• [What is needed]
Search the records for "myntra". Copy every line where it appears.

Records from a data source:
┄┄┄┄┄┄

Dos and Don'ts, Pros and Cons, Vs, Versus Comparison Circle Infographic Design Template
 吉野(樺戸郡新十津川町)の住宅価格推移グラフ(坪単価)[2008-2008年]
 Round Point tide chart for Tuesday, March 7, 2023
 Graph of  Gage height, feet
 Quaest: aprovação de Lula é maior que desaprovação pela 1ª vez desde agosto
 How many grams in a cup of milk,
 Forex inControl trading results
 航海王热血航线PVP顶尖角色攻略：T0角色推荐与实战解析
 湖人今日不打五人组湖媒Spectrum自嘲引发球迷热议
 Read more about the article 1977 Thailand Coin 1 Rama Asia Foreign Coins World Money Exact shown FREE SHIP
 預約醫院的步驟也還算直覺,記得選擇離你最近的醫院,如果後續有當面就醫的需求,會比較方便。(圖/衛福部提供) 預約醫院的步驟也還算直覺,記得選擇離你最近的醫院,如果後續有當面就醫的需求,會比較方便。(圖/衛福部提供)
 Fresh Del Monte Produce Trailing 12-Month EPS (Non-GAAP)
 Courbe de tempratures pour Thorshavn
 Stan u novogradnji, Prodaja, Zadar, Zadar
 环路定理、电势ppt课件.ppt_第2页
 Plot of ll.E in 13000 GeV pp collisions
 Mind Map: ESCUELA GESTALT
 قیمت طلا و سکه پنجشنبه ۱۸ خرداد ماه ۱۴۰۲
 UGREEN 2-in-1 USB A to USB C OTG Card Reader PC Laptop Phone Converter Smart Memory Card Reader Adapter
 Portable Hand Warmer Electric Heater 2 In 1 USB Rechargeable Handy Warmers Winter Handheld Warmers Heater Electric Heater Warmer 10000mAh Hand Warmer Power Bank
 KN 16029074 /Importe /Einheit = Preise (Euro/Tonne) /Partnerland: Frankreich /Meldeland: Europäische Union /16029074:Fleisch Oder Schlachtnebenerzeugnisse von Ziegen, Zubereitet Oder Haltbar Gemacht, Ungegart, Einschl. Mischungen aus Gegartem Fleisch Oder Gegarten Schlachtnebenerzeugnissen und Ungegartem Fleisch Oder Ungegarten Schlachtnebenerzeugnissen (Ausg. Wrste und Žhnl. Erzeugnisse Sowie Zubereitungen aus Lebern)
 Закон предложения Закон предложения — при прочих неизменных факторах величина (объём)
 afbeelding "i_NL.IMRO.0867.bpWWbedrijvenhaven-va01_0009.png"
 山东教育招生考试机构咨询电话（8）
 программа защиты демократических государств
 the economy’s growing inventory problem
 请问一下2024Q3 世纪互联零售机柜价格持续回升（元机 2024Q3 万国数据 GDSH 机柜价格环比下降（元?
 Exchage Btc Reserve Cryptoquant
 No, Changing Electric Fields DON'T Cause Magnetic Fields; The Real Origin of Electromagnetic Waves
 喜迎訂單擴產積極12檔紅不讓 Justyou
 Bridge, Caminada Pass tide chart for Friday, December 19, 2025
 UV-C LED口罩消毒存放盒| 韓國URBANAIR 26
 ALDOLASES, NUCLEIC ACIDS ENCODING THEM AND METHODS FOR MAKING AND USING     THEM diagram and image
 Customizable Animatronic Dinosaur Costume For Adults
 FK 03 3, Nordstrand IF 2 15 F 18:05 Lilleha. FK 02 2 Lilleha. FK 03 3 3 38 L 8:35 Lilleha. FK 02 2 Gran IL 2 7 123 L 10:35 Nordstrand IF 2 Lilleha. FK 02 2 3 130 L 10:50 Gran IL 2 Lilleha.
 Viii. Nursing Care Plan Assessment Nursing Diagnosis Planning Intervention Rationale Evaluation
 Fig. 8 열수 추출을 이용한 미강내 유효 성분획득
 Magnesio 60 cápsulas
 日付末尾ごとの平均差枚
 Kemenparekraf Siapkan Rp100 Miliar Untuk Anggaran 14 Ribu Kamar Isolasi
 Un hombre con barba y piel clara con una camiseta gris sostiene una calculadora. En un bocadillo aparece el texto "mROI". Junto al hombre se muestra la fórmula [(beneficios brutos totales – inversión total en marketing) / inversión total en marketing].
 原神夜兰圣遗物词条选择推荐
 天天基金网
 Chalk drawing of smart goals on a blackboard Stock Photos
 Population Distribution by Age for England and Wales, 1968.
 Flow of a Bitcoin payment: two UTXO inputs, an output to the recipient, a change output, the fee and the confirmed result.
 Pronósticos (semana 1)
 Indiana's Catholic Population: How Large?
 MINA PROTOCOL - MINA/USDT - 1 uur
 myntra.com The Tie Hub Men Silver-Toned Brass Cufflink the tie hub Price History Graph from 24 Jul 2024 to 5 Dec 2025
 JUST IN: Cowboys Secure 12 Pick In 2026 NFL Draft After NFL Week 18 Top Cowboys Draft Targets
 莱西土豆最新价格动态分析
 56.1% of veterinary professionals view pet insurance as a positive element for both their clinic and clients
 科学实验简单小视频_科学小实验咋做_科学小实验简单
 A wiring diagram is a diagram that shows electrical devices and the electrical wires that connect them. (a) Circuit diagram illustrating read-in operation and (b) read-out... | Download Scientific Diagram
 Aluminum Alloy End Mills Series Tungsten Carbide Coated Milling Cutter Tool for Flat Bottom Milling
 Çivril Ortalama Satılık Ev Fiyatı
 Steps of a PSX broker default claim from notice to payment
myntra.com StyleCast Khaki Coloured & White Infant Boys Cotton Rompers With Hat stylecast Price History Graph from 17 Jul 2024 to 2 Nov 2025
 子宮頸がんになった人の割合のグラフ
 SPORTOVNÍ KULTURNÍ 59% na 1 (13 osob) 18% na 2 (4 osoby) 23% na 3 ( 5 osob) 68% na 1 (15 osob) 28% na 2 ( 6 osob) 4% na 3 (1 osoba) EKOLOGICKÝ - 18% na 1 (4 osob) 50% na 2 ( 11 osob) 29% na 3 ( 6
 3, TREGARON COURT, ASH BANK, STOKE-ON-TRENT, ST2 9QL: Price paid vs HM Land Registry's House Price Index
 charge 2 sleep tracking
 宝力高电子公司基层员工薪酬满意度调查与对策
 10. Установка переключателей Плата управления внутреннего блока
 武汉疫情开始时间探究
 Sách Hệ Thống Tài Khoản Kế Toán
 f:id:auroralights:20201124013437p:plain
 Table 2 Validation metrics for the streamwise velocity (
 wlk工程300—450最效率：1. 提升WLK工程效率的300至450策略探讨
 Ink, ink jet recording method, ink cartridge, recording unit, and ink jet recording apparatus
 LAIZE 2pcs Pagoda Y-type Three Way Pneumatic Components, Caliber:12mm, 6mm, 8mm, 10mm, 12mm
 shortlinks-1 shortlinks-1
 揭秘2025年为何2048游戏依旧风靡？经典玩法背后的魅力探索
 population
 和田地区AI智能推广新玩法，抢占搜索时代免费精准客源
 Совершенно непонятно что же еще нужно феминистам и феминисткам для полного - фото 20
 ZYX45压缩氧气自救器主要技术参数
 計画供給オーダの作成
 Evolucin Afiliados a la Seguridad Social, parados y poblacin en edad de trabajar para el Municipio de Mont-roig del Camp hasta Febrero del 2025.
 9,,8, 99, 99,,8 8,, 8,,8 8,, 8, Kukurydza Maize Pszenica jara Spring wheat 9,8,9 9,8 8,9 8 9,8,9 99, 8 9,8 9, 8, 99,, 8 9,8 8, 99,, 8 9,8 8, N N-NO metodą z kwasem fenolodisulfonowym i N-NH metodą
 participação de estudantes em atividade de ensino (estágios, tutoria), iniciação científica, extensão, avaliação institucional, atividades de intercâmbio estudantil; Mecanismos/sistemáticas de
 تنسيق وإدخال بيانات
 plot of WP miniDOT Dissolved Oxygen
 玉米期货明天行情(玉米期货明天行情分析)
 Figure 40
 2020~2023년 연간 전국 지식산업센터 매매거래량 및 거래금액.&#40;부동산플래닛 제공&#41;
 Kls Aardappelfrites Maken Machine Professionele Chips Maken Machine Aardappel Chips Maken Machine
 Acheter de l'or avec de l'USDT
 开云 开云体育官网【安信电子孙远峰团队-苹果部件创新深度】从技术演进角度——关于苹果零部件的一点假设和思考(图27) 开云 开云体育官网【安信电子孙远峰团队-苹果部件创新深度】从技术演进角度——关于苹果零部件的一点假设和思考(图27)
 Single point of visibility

┄┄┄┄┄┄

• [Finished exercise]
 myntra.com The Tie Hub Men Silver-Toned Brass Cufflink the tie hub Price History Graph from 24 Jul 2024 to 5 Dec 2025
myntra.com StyleCast Khaki Coloured & White Infant Boys Cotton Rompers With Hat stylecast Price History Graph from 17 Jul 2024 to 2 Nov 2025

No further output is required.